Conv2d set weights and output channels of different sizes

Levon · January 9, 2021, 7:58pm

Hi,

Please help me solve the following confusion:
I have 4 filters of (4,4) size. The values of these filters I want to assign to my conv2d weights and then visualize them.
Below I define my model for greyscale image. When I run the code - it works correctly.
But when I change the out_channels from 4 to 5 or 2, I expect the model to stop working as I initialize weights for 4 filters, but in output expect 5 or 2. But my model still works, returns 4 layes and no error is thrown. Why this happens?

import torch
import torch.nn as nn
import torch.nn.functional as F

class Net(nn.Module):
    
    def __init__(self, weight):
        super(Net, self).__init__()
        # assumes there are 4 grayscale filters
        self.conv = nn.Conv2d(1, 4, kernel_size=(4, 4), bias=False)
        self.conv.weight = torch.nn.Parameter(weight)

    def forward(self, x):
        conv_x = self.conv(x)
        activated_x = F.relu(conv_x)
        return conv_x, activated_x
    
weight = torch.from_numpy(filters).unsqueeze(1).type(torch.FloatTensor)
model = Net(weight)
print(model)

ptrblck · January 18, 2021, 8:08am

Your code is not fully defined, as e.g. filters are missing.
However, it seems to work fine and the output shape corresponds to the passed number of filters as seen here:

class Net(nn.Module):
    def __init__(self, weight):
        super(Net, self).__init__()
        # assumes there are 4 grayscale filters
        self.conv = nn.Conv2d(1, 4, kernel_size=(4, 4), bias=False)
        self.conv.weight = torch.nn.Parameter(weight)

    def forward(self, x):
        conv_x = self.conv(x)
        activated_x = F.relu(conv_x)
        return conv_x, activated_x


weight = torch.randn(4, 1, 4, 4)
model = Net(weight)
x = torch.randn(1, 1, 24, 24)
out = model(x)
print(out[0].shape)
> torch.Size([1, 4, 21, 21])

weight = torch.randn(5, 1, 4, 4)
model = Net(weight)
out = model(x)
print(out[0].shape)
> torch.Size([1, 5, 21, 21])

Levon · January 18, 2021, 9:01pm

Hi, Thanks for the answer.
my point is that if I use nn.Conv2d(1, 5, kernel_size=(4, 4), bias=False) , i.e. output channels 5, but still remain with lets say 4 filters weight = torch.randn(4, 1, 4, 4) ), it still works (I was assuming that I must provide 5 filters). Probaly it is allowed to overwrite 5 output channels to 4 (please let me know whether I am right or wrong). It was very strange to me and this behaviour is prone to potential bugs.
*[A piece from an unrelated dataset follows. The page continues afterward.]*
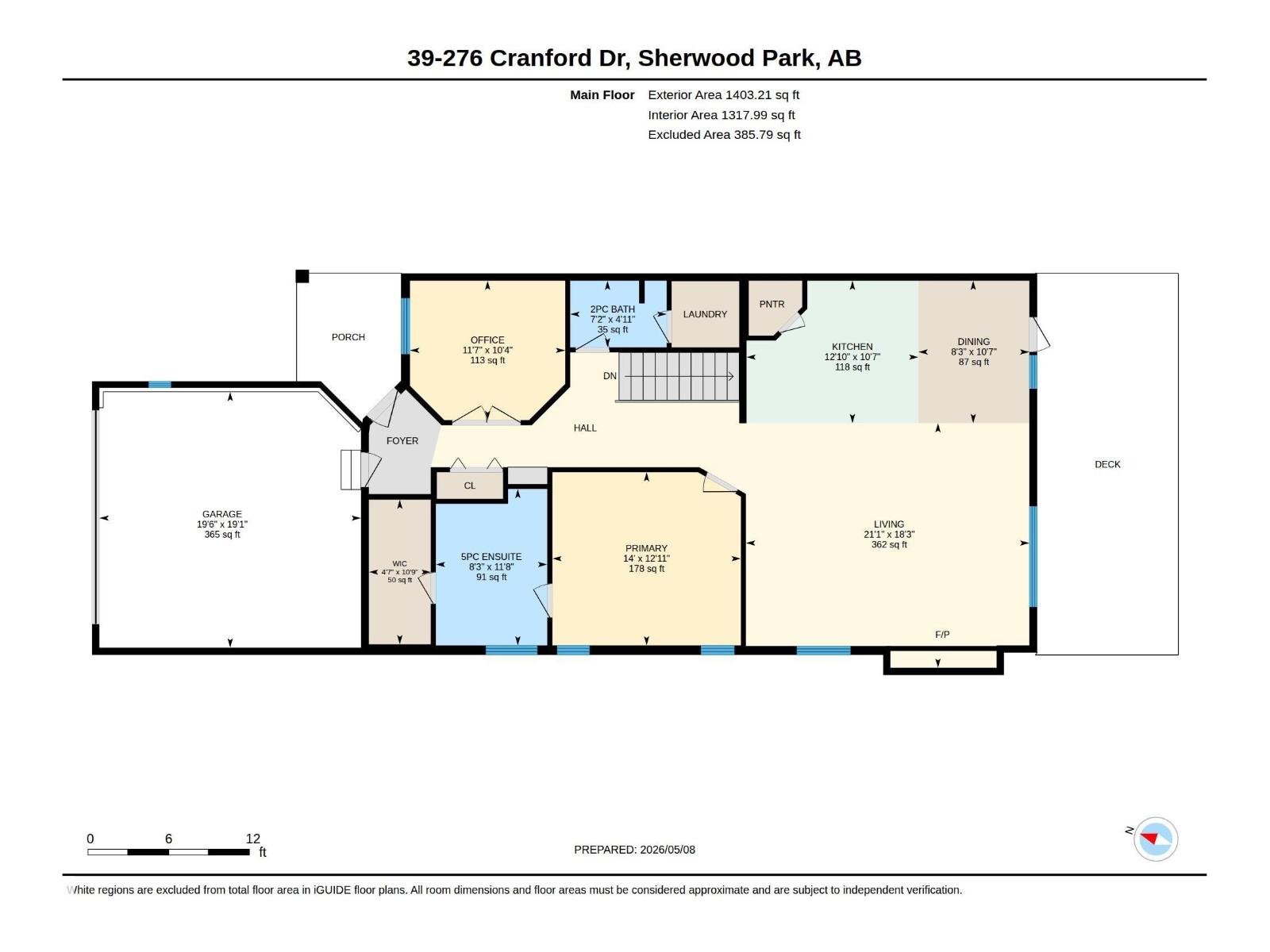 #39 276 Cranford Dr, Sherwood Park, Alberta  T8H 0C6 - Photo 59 - E4486654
ptrblck · January 19, 2021, 12:40am

Thanks for the follow-up. I assume you think it should be disallowed to pass a new weight kernel with a different number of filters, since the original layer was initialized with another number of kernels?
If so, then note that it’s not disallowed to manipulate the underlying parameters (at your own risk).
While this might be prone to potential bugs, I would consider this an advanced approach and don’t think we should disallow it as it could limit potentially valid use cases.